Three first-person stories are told in this book--the stories of Rosalba, Anetta, and Luisa, age-mates at the brink of adulthood. Despite the sheltered privilege of their lives, and the genuine pleasure that music gives them, each one yearns for more than the orphanage can give. One, a beautiful oboist, craves Romance, pining over a handsome young man glimpsed from the orphanage window. One, gifted with an extraordinarily lovely voice, longs for the mother who abandoned her long ago. The mother, now a nobleman's courtesan, tempts her with dreams of a shared life, if she can become a famous opera singer. The third, a dedicated viola player, longs with sad persistance for the second girl to return the deep love she offers.

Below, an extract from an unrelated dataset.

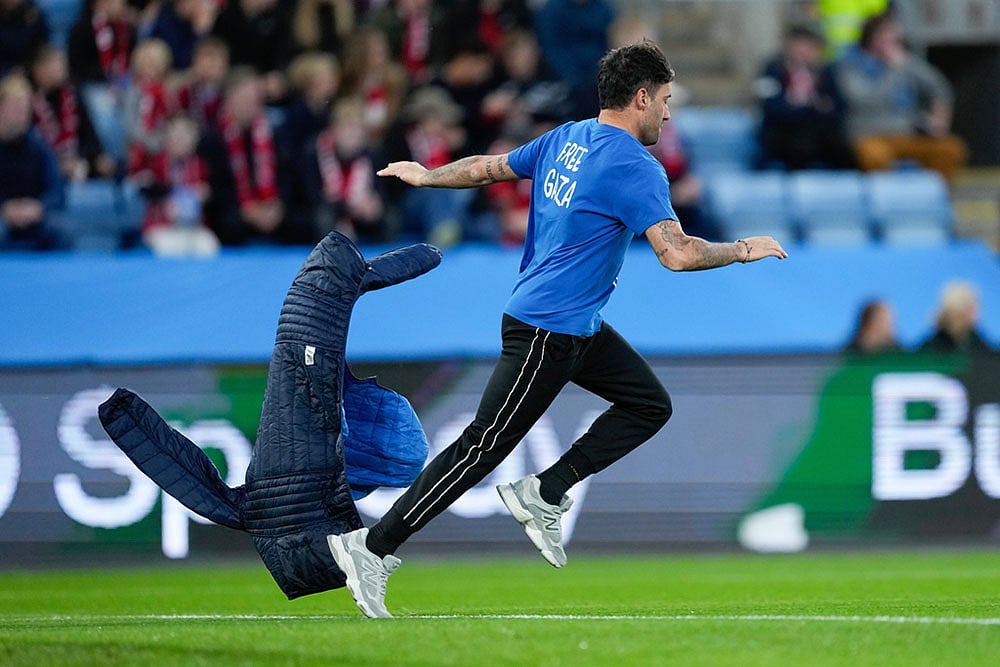 FIFA World Cup 2026 European Qualifiers Norway Vs Israel football match pics_1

Reality breaks in, and the dreams of the three girls shatter, one suddenly and horribly, two more slowly. And all the while, Vivaldi--kind, distracted, asthmatic--writes beautiful music for them to play, for the privileged folk of Venice to hear.

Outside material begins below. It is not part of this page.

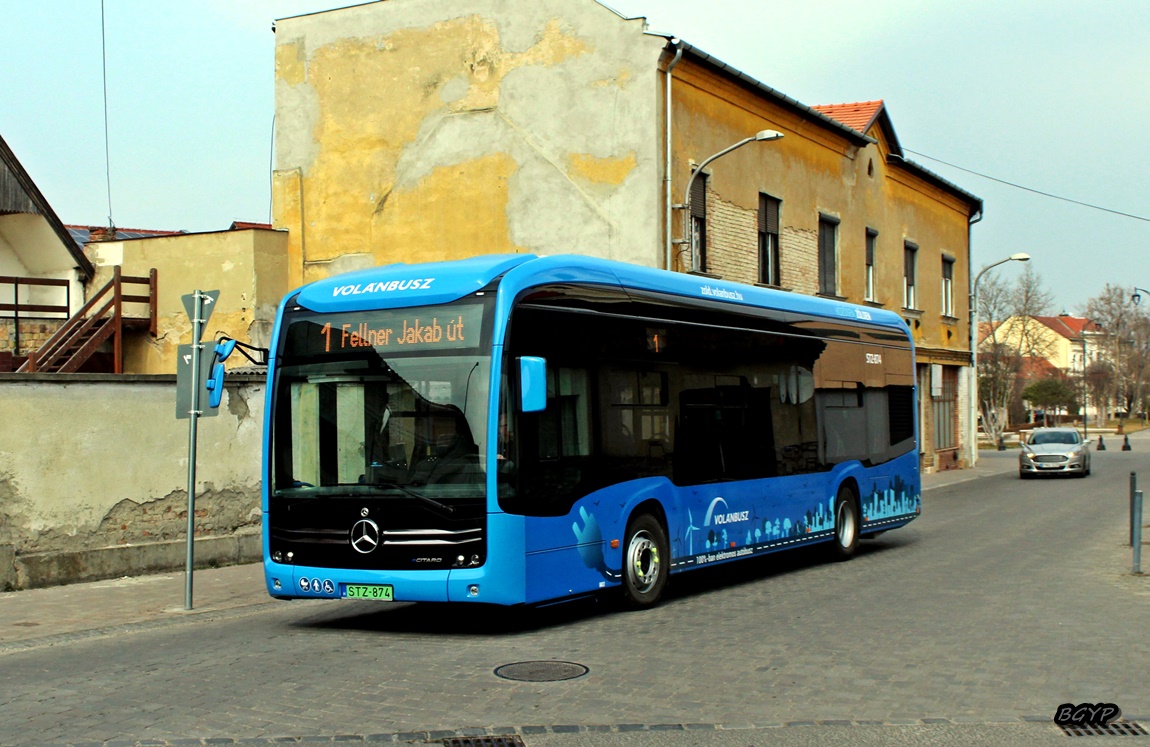 Венгрия, Mercedes-Benz eCitaro № STZ-874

Collins does a pretty good job, I think, making her girls real people set within the context of their own time (except I wonder, a bit, that religion is so little at the forefront of their minds, brought up, as they were, within a religious institution), and she does an excellent job making each girl a distinct personality (she does a nice job with Vivaldi too!). My only real quarrel with the book is one of style (but since I was reading the ARC, I don't know quite how the final version will read). For the most part, Collins eschews contractions, and so the prose felt a tad heavy and slow at times, especially for first-person narration. Contractions that do suddenly appear are a tad jarring by contrast. Once I had accepted this, however, I had no trouble becoming interested in three intertwined stories.

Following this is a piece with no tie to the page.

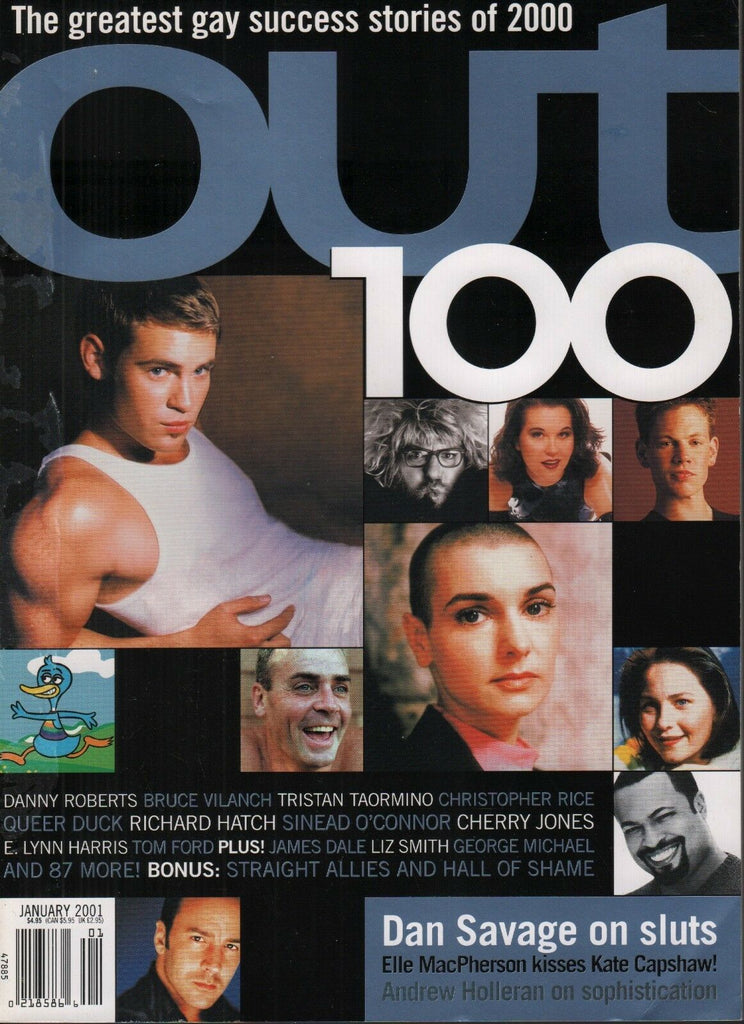 Out 100 January 2001 Sinead O'Connor Tom Ford Bruce Vilanch 091118DBE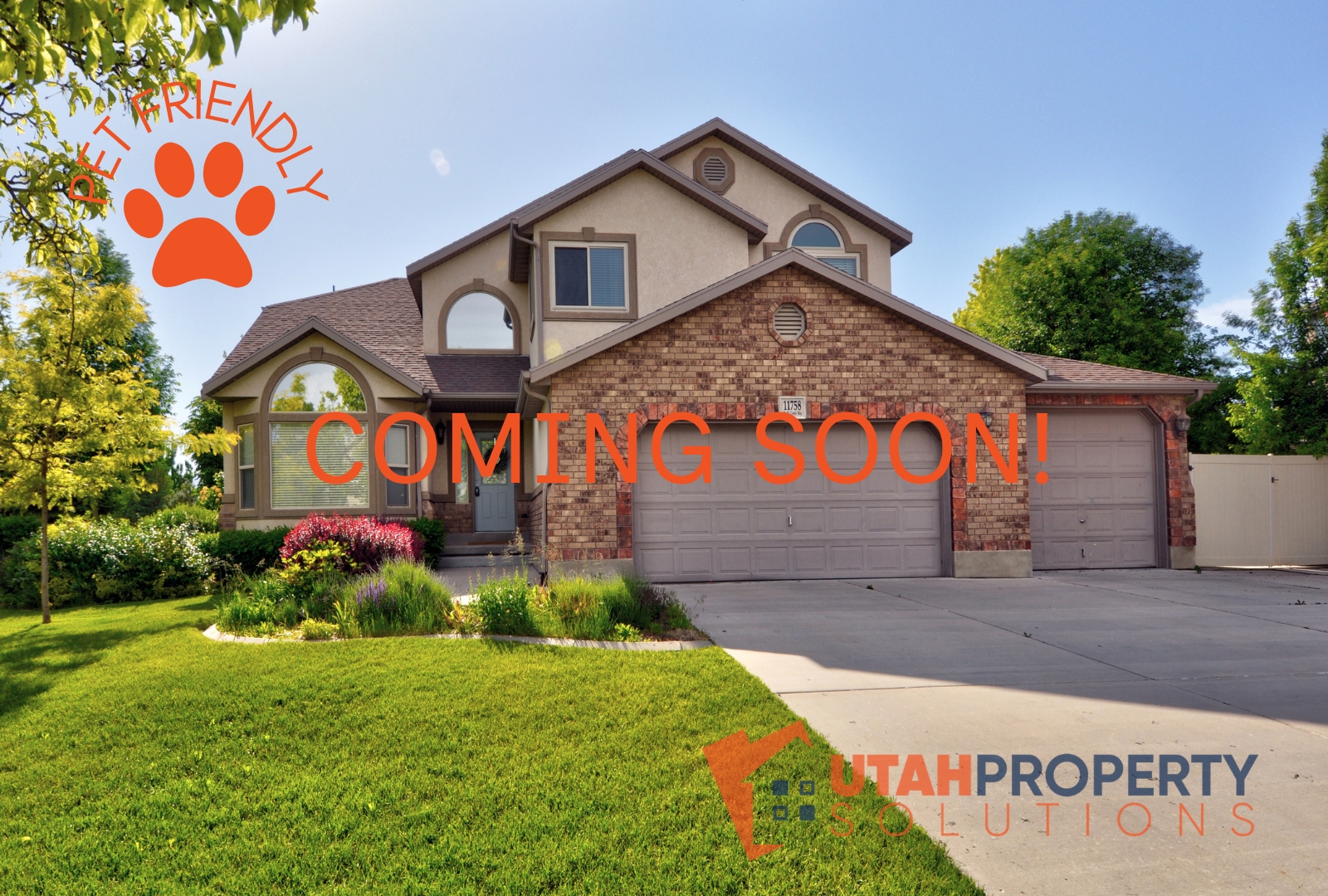 South Jordan House: 11758 S Chalk Creek Way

This is a book I would heartily recommend for the following categories of reader:
--those who love Vivaldi in particular, or baroque music, who will appreciate the knowledge Collins brings to bear on the subject
--anyone interested in the history of women in music
--those who were or are dedicated young musicians, like the girls in the book
--those who love stories of girls in confined settings (such as boarding schools and convents)
--those who love historical fiction where the characters are central, and history is writ small (no kings or queens or epic wars etc.)
--and finally, those who love Venice. Even though seen, for the most part, through the windows of the orphanage, Venice is at the heart of the story.
At Journey of a Bookseller there's another review of Hidden Voices, and an ARC being given away (I guess it's still open, cause it doesn't say it isn't). I won't be offering mine here, because I already have a friend who meets three of the above criteria in mind for it.
As an added bonus, I am infinitely more interested in Vivaldi's music than I was last month, now that I know so much more of the circumstances in which it was born. Anyone looking for a very fine present to give could combine this book very nicely with a Vivaldi cd--I myself wish I had something besides The Four Seasons on hand, and in my mind, for that matter!
Hidden Voices will be released May 12, 2009.